Ich bin ein Denker: Nachdenker. Überdenker. Zu-viel-Denker. Ich analysiere jede Entscheidung meines Lebens zu Tode. Denke Stunden, Tage, oft Wochen darüber nach. Stelle mir vor, was ich tun könnte, was ich tun sollte, was ich tun möchte. Denke viel zu viel. Tue viel zu wenig. Und je mehr ich denke, desto weniger weiß ich am Ende, was ich tun soll, desto unglücklicher bin ich am Ende. Mein Leben zieht an mir vorbei und alles, was ich tue, ist Denken. Aus lauter Angst, falsch zu handeln, falsche Entscheidungen zu treffen, verharre ich im Denken – und bin dabei alles andere als glücklich.
Das Zu-Viel-Denken
Denken ist ja nichts Schlechtes.
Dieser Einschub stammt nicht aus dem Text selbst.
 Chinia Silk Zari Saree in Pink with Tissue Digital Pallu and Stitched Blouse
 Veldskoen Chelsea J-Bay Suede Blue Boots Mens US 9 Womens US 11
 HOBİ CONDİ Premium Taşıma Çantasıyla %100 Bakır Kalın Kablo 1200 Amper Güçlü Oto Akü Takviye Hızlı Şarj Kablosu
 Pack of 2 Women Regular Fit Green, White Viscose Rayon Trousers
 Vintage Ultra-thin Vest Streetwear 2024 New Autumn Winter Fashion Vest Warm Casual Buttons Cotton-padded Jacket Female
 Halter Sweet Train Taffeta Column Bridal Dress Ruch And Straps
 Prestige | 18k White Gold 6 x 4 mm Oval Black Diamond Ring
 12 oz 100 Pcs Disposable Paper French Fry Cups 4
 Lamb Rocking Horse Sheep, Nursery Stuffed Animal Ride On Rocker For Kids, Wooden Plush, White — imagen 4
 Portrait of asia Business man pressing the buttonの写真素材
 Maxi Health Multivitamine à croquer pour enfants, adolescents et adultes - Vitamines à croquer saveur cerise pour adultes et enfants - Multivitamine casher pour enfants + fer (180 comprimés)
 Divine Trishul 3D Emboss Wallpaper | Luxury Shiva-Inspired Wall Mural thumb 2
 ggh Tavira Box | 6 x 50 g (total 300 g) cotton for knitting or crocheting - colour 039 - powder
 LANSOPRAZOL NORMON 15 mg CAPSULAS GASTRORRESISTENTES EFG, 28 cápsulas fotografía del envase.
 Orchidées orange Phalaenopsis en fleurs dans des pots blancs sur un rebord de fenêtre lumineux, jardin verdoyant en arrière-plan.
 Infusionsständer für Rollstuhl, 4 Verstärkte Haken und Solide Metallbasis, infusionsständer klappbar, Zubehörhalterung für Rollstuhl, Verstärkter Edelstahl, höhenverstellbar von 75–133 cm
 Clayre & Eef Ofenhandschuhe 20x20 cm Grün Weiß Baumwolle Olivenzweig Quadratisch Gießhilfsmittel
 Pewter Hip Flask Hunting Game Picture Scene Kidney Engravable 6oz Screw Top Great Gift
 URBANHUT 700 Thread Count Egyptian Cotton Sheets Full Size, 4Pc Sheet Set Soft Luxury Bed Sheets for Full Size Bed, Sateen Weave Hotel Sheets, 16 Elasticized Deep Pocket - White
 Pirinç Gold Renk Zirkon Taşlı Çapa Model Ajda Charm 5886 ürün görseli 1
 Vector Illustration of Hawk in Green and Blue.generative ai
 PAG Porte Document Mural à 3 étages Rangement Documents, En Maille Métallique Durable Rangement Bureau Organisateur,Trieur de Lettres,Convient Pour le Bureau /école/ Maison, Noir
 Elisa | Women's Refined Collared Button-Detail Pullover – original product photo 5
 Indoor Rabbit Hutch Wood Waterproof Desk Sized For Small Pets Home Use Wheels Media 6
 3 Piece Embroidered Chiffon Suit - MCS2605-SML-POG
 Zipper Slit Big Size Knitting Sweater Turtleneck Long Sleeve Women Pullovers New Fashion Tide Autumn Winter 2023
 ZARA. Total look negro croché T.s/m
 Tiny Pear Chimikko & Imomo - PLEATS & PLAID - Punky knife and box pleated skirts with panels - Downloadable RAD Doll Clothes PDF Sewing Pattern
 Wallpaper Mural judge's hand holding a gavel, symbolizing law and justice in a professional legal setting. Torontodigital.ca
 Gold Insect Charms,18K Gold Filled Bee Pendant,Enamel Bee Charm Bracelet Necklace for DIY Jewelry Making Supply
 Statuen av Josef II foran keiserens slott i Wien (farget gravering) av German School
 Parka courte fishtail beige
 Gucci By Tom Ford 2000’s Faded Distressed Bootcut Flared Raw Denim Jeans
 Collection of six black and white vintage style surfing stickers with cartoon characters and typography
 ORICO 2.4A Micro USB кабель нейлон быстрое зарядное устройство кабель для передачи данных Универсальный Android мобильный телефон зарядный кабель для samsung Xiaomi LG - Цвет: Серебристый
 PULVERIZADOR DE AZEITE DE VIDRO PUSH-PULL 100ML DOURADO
Im Gegenteil. Wo wären wir in einer Welt ohne Denken? Vielmehr ist es das Zu-viel-Denken, dass einem die Freude am und im Leben rauben kann:
- das ewige Spielen des ‚Was wäre gewesen wenn, …?‘- Spielchens;
- das sich im Kreise drehende Durchdenken verschiedener Handlungskonsequenzen;
- das nicht enden wollende Zweifeln an Entscheidungen;
- das Nichtwissen, wohin und was man wirklich will.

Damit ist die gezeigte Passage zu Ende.